Client

This section describes the Ising machine clients.

Client Class Overview

The client class provides an interface to obtain and set hardware parameters for each Ising machine, and also to handle input and execution of given problems. There are two types of parameter settings:

  • Settings for access information to the Ising machine

  • Settings for hardware execution parameters

The interfaces to the parameters are classified in each category.

The followings are the common inputs for both inputting and executing problems.

Each of the above models needs to be a “physical model”. In other words, the coupling between variables in the models is associated with a graph that is based on hardware specifications, and depending on the graph, the coupling between variables may be restricted. In addition, some Ising machines may have their own input format.

The client class can also be used as a direct solver for the physical model, but the solver class can be used as a solver for the logical model by giving the client object as a driver for the solver class Solver. In the latter case, the solver class takes over the operations of the client object, so there is no need for direct execution operations.

Note

For normal use, the execution procedures using the solver class are recommended. See Solver for specific instructions.

Common Interface

Attribute

All clients have the following attributes in common. The ones with optional are provided for some clients only.

  • num_bits : Obtain the maximum number of physical bits that can be executed by the Ising machine.

  • parameters : Obtain the execution parameters specific to each client.

  • version : Obtain the client version information.

  • url : Obtain and set the API endpoint URL.

  • proxy : Obtain and set the proxy server address.

  • token (optional) : Obtain and set the API token.

  • compression (optional) : Compress (if possible) and forward the transmitted data.

Method

All clients have the solve() method in common.
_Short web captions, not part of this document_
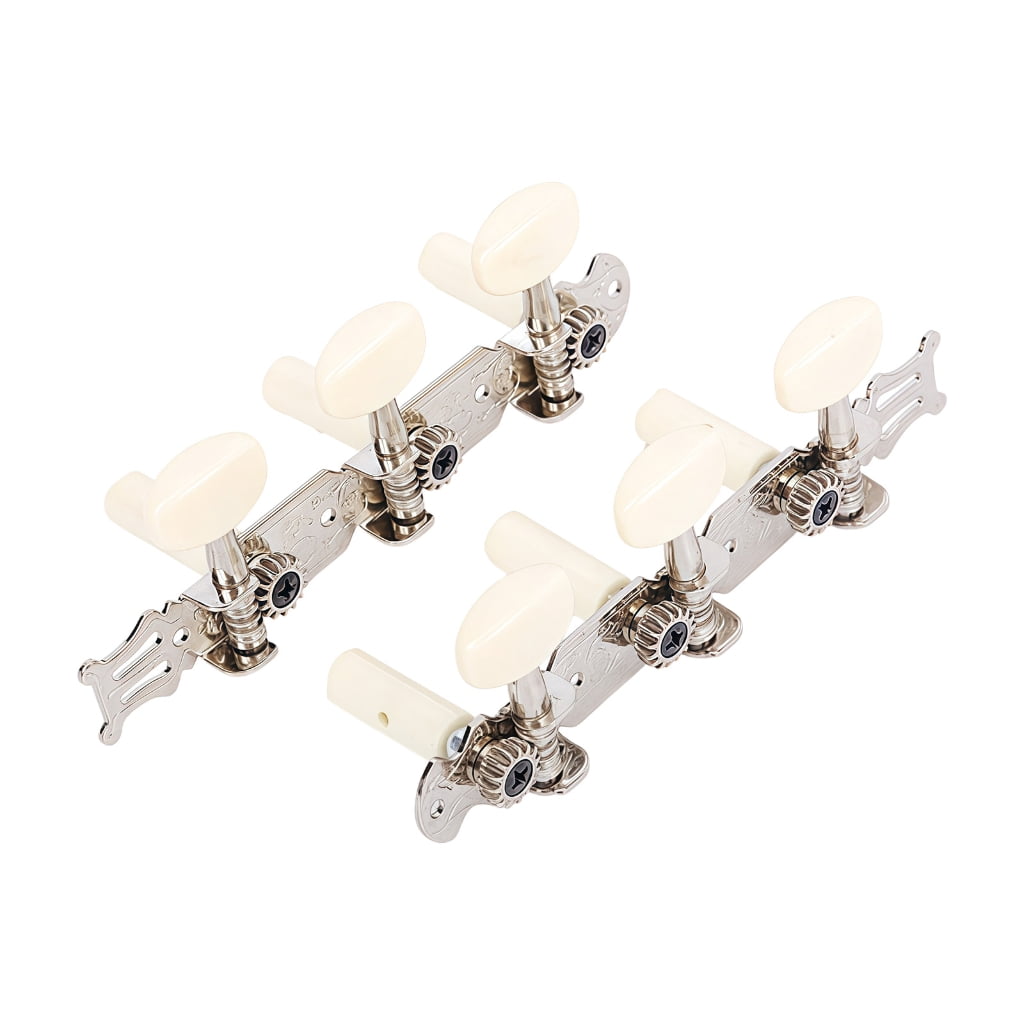 2PCS High Precisions Open Geared Guitar Tuning Pegs Instrument Locking Tuners Suitable for Folk Guitar and Ukulele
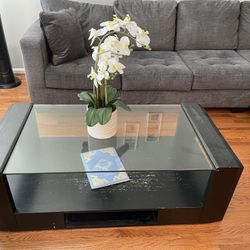 Glass Top End Table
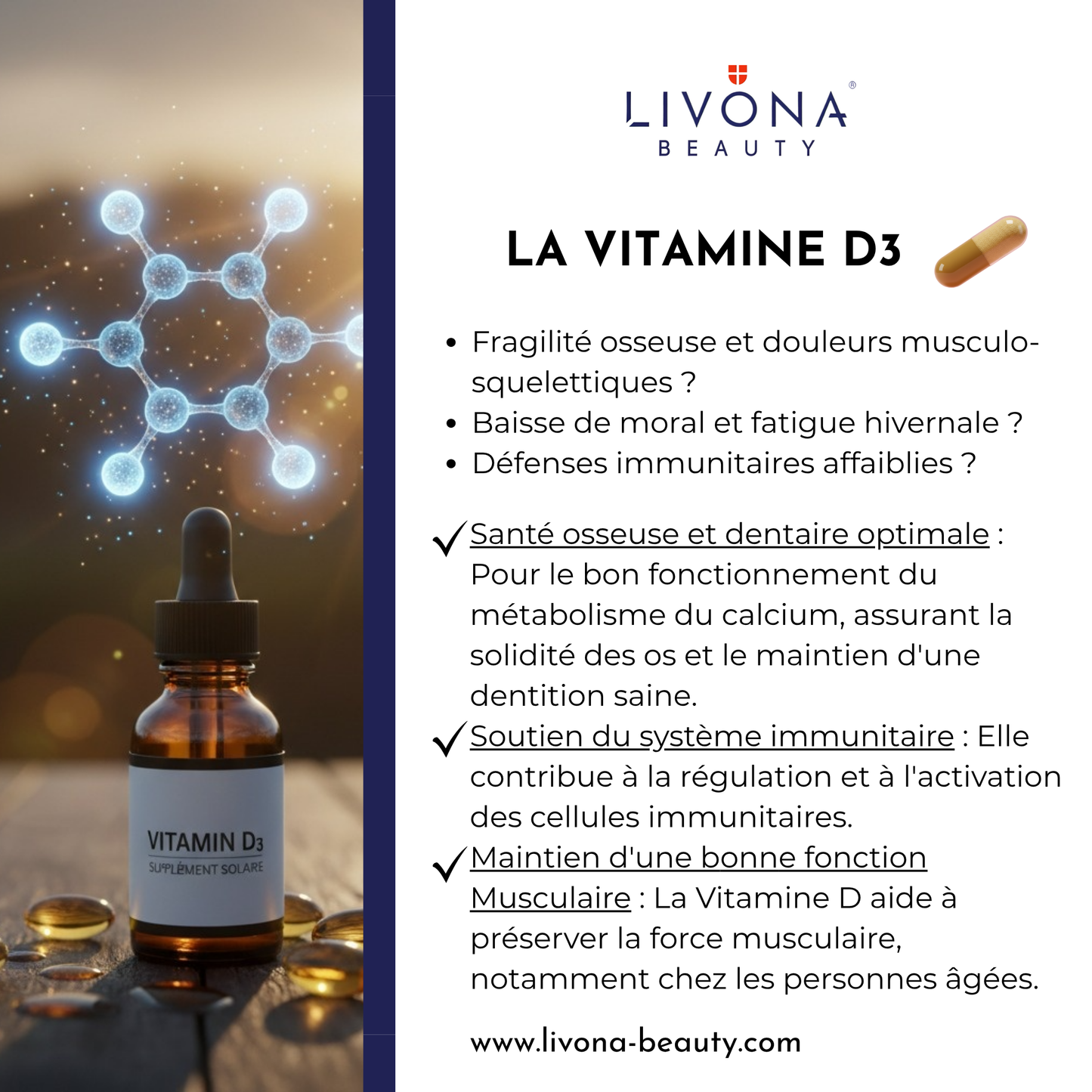 Vitamine D3 & Calcium 2 000 UI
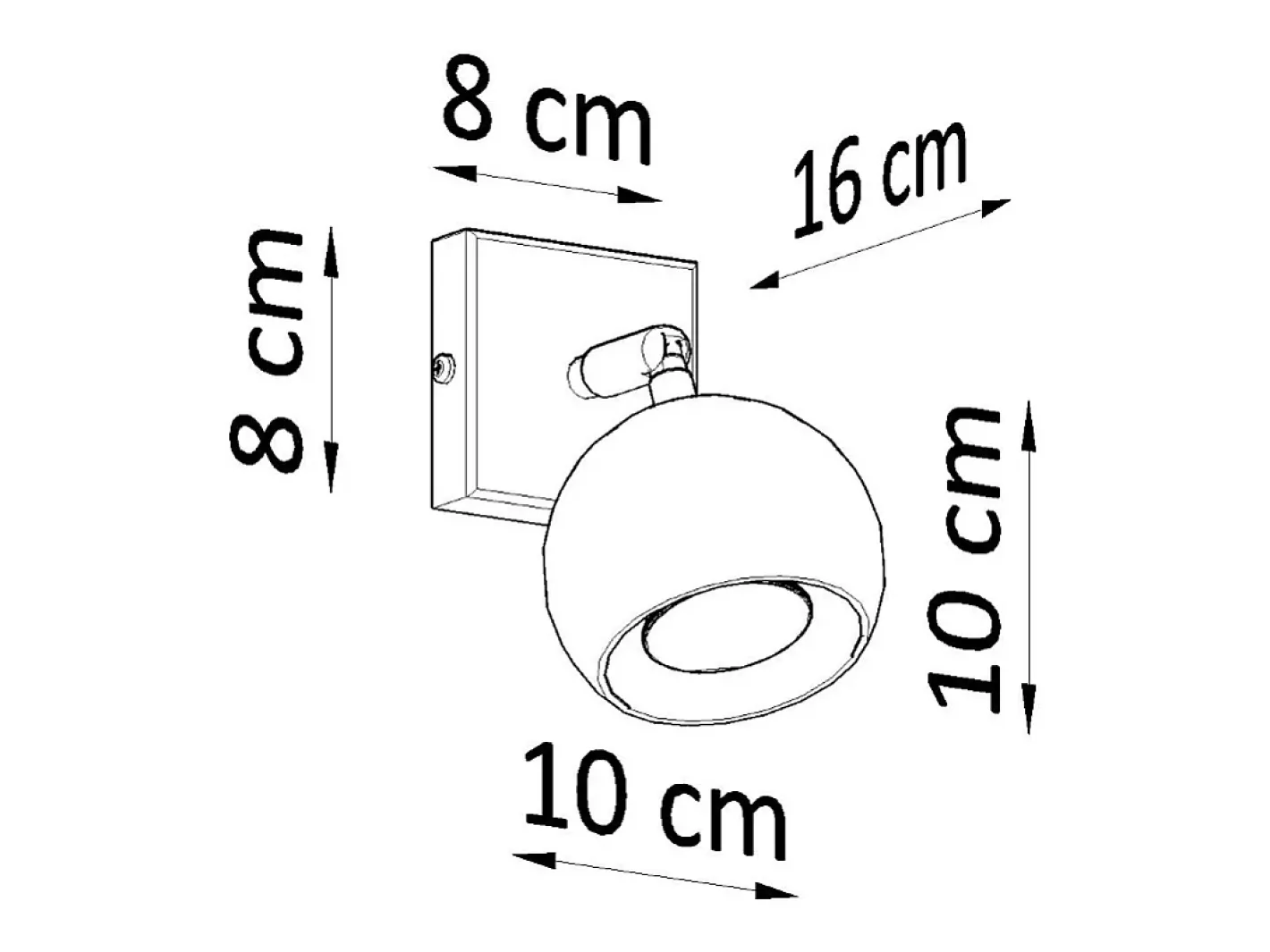 Sollux Lighting Lámparas de pared Rayis moderno de acero - 1 fuentes luminosas 3000K - L.10 x A.10 cm - Blanco New
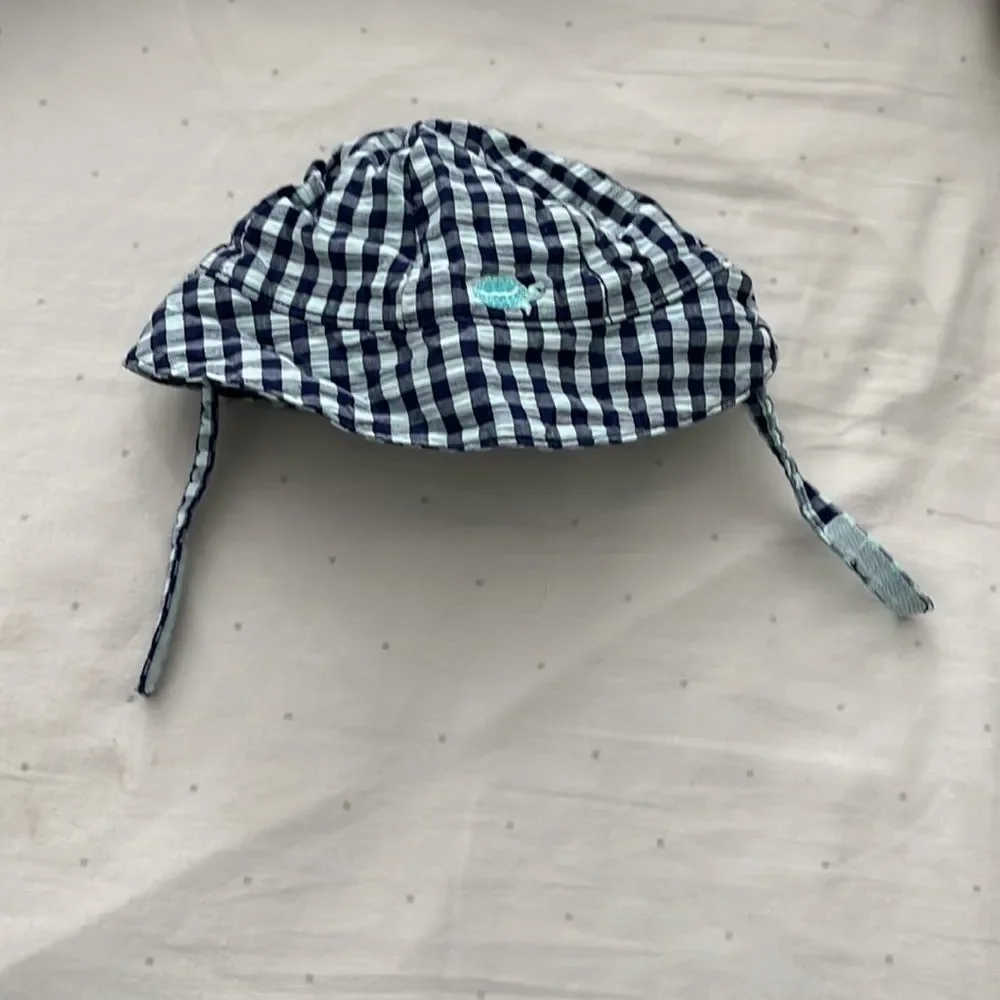 Janie and Jack Gingham Sunhat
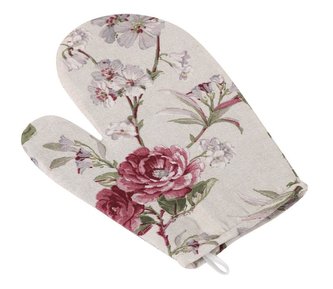 Kuchyňská chňapka - růže vínová - chňapka 28x18 cm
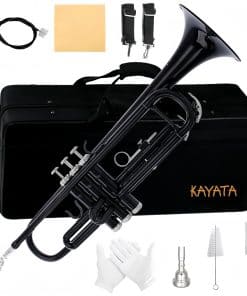 Trompeta de Cobre Dorado KAYATA con Boquilla .7C de Cobre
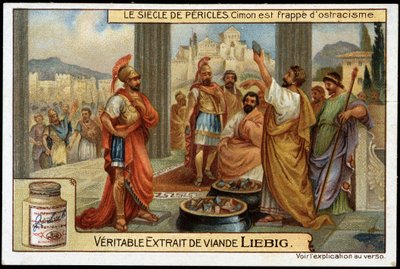 Pericles century (495-429 BC): statesman and strategy Cimon (510-449 BC) is struck with ostracism, in 461 BC by Unknown artist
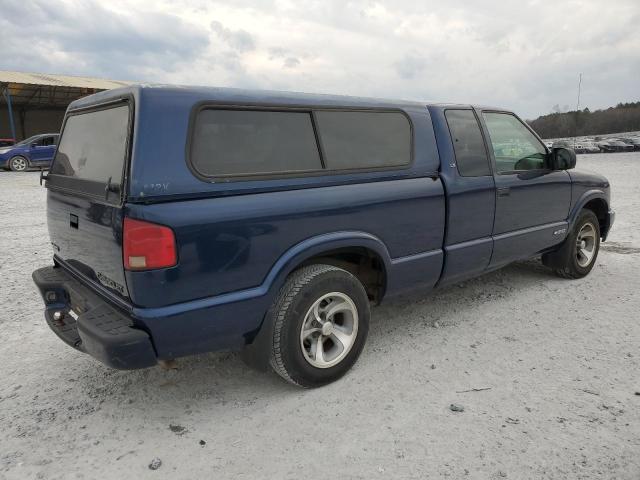 1GCCS19W018124034 - 2001 CHEVROLET S TRUCK S10 BLUE photo 3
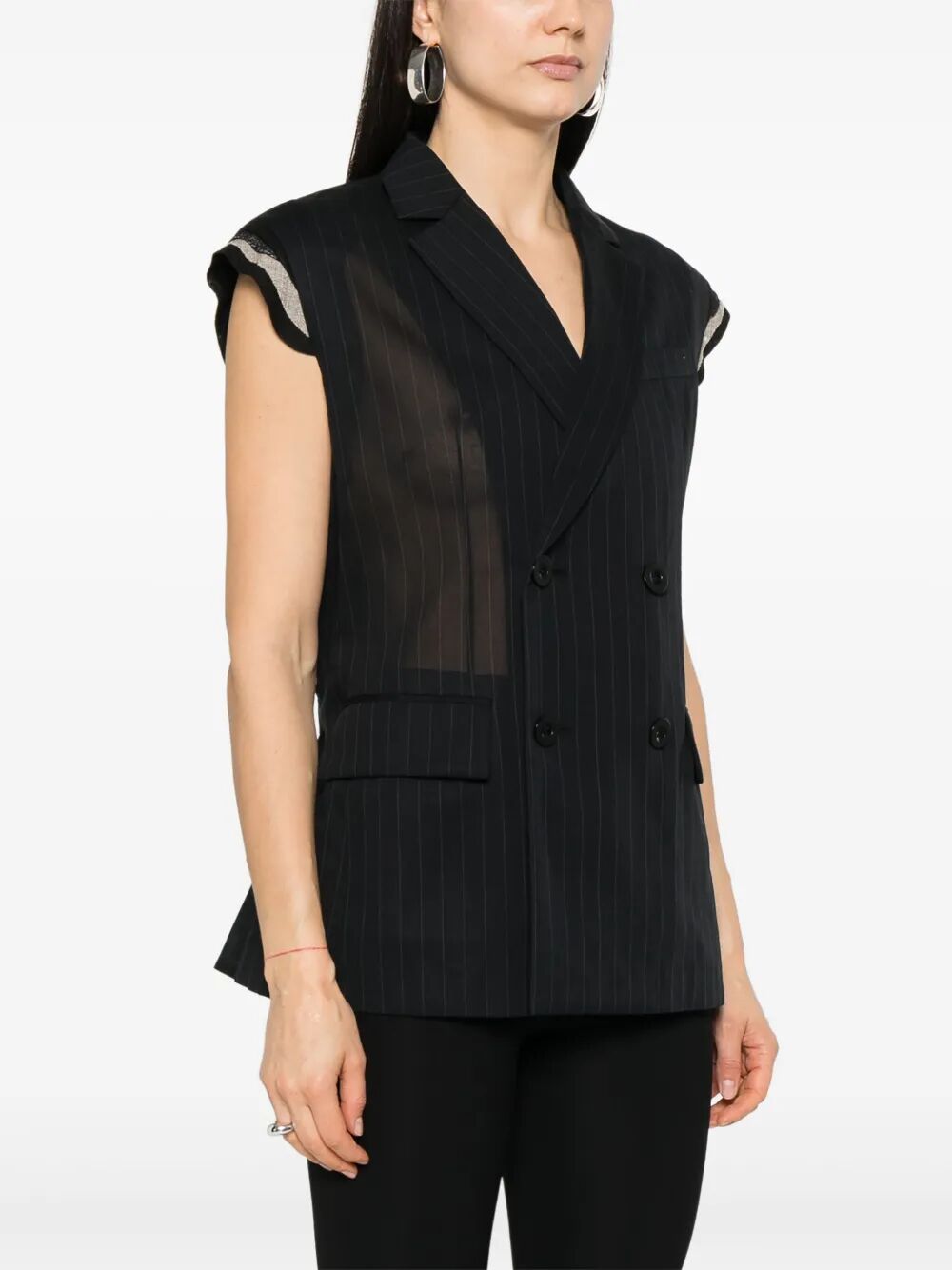 SACAI High Twist Mini Vest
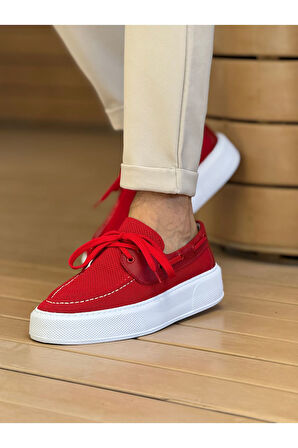 CH2602 - Triko Erkek Ayakkabı KIRMIZI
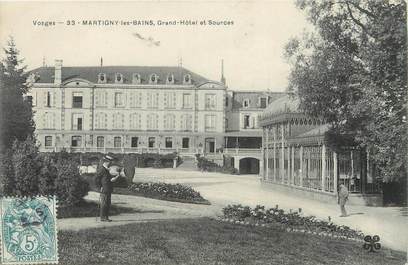 / CPA FRANCE 88 "Martigny les Bains, grand hôtel et sources"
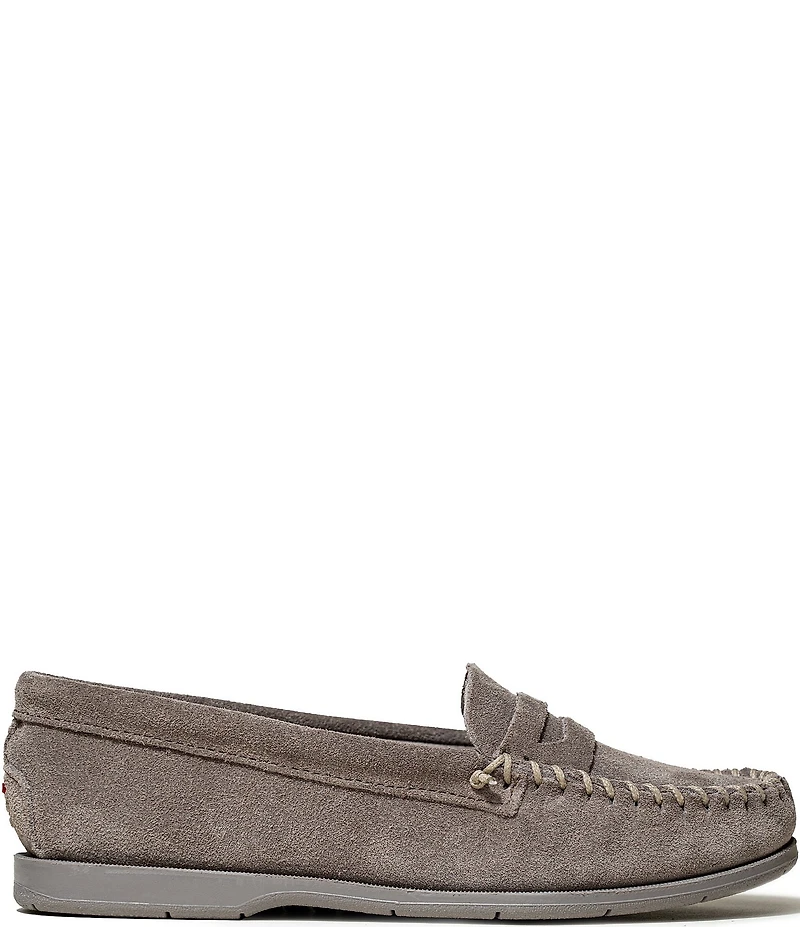 Minnetonka Mellony Penny Suede Loafers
The followings are the possible inputs. The second argument of the input for the matrix object represents a constant term.

The solve() method returns an object of the client-specific ClientResult class.

The ClientResult class has the following attributes in common. The one with optional is only provided for some clients.

  • annealing_time_ms : Obtain the (typical) execution time in milliseconds.

  • execution_parameters (optional) : Obtain the execution parameters.

  • timing : Obtain the execution parameters.

  • solutions : Obtain a list of execution results. Each element has the following attributes.

    • energy : Obtain the energy value (evaluated value of the physical model).

    • values : Obtain the values of physical variables as a list.

    • frequency : Obtain the number of identical solutions.

The following operator overloading is also implemented. For example, the following is provided for the instance result of the ClientResult class

  • result[n] (__getitem__) : Transparently return element access result.solutions[n] to index n of solutions.

  • len(result) (__len__) : Transparently return len(result.solutions), the number of elements in solutions.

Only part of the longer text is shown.